When the pandemic struck earlier in the year, we decided we needed to move our prototypes from the workshop in Shenzhen (where we’d previously done all of our prototyping) to our office in California. However, turns out moving over a ton of machinery internationally is not as straightforward as one would hope.
The first thing to know is that freight shipping only bears a slight resemblance to package delivery services such as FedEx. When sending a package it’s a pretty simple process – put the item in a package, give it a destination, and then you’ll be charged accordingly. International freight works more like a marketplace, with options for whether you want goods to be delivered door-to-door, to a port, or some combination of the two. The main point of contact for the whole process is a freight forwarder, which is a company that books space on carrier ships or planes and arranges the documentation for shipments. There are hundreds (probably thousands) of freight forwarders to choose from, with no easy way to compare the various options. We used Freightos to find a reasonably priced freight forwarder, but their database is by no means exhaustive.

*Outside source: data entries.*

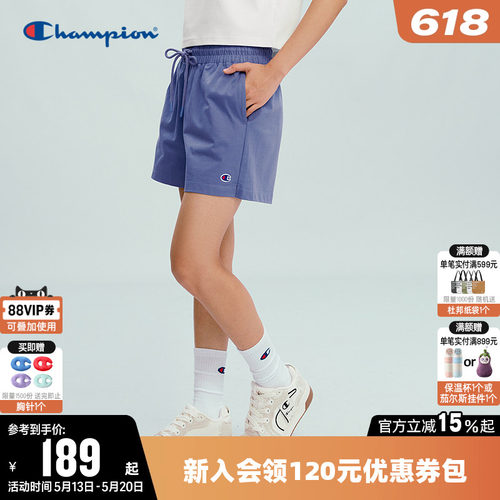 Champion冠军休闲纯棉短裤女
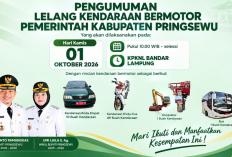 Pemkab Pringsewu Buka Lelang Aset Daerah, Puluhan Kendaraan hingga Excavator Siap Ditawarkan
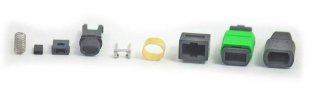 US Conec MTP Connector Singlemode 12 Fiber, Male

However, before even choosing a freight forwarder, we needed to get our prototypes packaged up. This was originally a bit of an afterthought for us, but getting crates designed and built to fit our prototypes and enable them to be transported in shipping containers ended up taking over two months and costing a quarter of the total shipping budget.
Once the crates were constructed, it was then time to load them in a shipping container. For ocean shipments, there is the option of either paying for an entire shipping container (known as a Full Container Load, or FCL), or just the volumetric space you are using (known as Less than a Container Load, or LCL). For any shipments greater than half a container in volume, FCL likely works out cheaper because the handling fees are lower.
In total, including customs clearance, the shipment took 45 days to get from Shenzhen to Oakland (California). We used a customs broker to make the clearance process as seamless as possible. Though it’s not strictly necessary, having someone else deal with things like entry bonds for importing and HS codes makes it a lot easier.
After the crates were released from the port, we then contracted a local hauling company to deliver them to our office. When originally planning out the shipment, this was one of the parts I was most unsure about as the freight forwarding company wouldn’t deliver crates as big as ours to any business without a loading dock. However, it turned out to be light work with the right equipment.
After months in transit, our prototypes finally arrived safely!